• _PROBLEM REQUIREMENTS_: From the entries below, please output exactly the lines starting at the one containing "Kydex-Clips de funda" and ending at the one containing "204 S. Vasconcellos", both included.

Stored dataset items:
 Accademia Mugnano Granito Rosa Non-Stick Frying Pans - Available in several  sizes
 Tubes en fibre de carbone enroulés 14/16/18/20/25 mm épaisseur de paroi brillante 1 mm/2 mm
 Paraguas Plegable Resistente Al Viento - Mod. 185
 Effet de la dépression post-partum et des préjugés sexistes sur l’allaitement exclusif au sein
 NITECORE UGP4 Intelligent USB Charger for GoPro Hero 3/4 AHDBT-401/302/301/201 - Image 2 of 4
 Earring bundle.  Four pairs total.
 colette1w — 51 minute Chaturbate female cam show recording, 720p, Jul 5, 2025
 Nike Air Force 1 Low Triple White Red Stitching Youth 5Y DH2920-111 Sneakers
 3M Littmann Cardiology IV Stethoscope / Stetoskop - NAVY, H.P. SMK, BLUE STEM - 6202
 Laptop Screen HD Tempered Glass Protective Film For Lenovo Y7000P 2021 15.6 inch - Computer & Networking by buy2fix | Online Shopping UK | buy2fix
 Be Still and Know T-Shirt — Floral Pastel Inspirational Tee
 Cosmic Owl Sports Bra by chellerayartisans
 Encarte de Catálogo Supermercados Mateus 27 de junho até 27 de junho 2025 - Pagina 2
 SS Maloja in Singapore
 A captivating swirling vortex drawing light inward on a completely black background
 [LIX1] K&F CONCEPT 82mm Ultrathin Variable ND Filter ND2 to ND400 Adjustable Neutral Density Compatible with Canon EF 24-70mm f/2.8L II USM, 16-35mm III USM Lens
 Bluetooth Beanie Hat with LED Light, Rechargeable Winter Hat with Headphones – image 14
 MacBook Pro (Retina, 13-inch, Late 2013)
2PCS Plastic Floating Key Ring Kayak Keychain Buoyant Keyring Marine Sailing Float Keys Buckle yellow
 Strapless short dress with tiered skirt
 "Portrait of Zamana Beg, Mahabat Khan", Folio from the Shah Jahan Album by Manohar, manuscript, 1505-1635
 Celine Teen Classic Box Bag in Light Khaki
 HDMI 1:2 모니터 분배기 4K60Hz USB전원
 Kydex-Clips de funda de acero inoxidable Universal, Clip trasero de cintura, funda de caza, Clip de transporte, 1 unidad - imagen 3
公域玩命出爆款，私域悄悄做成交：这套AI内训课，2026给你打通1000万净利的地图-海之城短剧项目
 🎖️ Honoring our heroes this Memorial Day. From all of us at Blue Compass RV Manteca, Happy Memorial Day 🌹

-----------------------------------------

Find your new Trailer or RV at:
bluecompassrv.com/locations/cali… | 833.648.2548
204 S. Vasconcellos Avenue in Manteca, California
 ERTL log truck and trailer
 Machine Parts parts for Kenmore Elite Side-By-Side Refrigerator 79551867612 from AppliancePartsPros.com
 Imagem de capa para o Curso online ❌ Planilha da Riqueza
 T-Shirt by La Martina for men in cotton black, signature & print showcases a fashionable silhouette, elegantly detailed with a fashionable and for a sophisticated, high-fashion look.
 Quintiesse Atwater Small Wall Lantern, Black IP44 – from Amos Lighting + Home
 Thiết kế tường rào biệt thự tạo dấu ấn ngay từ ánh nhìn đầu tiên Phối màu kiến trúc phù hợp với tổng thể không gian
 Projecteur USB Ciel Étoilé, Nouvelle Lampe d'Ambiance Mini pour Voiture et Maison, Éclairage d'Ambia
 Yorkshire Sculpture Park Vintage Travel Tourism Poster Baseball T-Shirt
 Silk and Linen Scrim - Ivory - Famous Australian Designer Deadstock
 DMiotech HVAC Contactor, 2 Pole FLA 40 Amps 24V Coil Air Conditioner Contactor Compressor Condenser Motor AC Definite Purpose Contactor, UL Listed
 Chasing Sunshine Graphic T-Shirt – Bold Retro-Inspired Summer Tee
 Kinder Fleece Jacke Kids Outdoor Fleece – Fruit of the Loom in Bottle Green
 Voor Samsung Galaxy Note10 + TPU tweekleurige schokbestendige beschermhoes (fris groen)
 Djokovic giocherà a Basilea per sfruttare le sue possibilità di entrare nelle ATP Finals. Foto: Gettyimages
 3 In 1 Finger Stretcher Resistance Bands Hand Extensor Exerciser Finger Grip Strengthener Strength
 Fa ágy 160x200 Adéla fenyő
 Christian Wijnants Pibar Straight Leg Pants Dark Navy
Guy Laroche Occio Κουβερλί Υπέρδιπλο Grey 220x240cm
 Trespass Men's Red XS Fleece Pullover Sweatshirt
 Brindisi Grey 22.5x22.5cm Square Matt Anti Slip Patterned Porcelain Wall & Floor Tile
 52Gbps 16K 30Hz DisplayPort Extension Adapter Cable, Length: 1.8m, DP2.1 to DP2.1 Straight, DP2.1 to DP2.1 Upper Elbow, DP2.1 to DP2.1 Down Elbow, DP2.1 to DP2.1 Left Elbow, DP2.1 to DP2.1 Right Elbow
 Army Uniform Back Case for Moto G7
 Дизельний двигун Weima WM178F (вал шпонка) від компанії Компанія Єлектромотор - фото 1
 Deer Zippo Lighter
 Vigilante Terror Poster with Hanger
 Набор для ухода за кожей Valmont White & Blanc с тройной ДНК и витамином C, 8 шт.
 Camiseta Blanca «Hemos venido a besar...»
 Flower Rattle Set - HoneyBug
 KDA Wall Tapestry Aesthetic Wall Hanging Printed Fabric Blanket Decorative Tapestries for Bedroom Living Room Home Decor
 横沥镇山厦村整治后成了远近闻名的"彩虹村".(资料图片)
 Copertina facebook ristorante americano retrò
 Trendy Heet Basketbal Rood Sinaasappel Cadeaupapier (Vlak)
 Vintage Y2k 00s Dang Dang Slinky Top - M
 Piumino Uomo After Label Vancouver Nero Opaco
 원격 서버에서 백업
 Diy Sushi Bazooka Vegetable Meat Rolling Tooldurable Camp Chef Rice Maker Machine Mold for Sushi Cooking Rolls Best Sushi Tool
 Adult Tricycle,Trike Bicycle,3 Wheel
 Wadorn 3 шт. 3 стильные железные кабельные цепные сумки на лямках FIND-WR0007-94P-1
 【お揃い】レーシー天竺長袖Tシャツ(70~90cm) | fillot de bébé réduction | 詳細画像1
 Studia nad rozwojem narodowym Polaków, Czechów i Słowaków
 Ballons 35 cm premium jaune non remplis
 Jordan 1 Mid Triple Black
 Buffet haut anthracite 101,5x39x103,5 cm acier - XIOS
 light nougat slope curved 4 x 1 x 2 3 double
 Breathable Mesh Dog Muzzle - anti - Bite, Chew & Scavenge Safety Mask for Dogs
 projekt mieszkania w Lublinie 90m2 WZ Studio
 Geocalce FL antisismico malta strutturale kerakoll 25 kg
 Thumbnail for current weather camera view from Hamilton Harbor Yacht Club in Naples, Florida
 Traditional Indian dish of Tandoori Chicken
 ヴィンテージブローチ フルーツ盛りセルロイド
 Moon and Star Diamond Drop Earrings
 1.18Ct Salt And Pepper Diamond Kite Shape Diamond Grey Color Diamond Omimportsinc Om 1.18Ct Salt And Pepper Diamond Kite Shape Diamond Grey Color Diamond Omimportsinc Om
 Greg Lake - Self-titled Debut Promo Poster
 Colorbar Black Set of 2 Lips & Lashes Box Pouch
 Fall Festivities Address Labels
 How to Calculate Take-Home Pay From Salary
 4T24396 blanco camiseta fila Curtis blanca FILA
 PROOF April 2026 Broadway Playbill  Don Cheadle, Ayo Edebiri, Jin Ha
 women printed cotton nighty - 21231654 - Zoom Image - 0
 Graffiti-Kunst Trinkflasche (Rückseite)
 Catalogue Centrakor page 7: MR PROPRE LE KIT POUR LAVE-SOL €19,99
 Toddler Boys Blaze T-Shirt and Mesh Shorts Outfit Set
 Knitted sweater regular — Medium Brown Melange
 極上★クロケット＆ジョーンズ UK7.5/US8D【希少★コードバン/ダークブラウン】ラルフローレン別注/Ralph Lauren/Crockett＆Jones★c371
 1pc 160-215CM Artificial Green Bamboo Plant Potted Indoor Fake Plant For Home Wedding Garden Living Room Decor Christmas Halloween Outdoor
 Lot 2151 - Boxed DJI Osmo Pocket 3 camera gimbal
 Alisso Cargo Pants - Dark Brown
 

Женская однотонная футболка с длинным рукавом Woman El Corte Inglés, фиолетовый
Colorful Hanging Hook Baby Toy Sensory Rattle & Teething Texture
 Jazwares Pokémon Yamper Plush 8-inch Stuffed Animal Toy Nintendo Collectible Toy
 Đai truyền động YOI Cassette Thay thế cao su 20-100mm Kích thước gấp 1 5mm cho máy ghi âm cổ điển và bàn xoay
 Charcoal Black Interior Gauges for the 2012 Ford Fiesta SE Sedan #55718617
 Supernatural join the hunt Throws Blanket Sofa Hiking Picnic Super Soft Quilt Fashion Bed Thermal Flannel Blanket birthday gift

• _EXERCISE RESPONSE_:
 Kydex-Clips de funda de acero inoxidable Universal, Clip trasero de cintura, funda de caza, Clip de transporte, 1 unidad - imagen 3
公域玩命出爆款，私域悄悄做成交：这套AI内训课，2026给你打通1000万净利的地图-海之城短剧项目
 🎖️ Honoring our heroes this Memorial Day. From all of us at Blue Compass RV Manteca, Happy Memorial Day 🌹

-----------------------------------------

Find your new Trailer or RV at:
bluecompassrv.com/locations/cali… | 833.648.2548
204 S. Vasconcellos Avenue in Manteca, California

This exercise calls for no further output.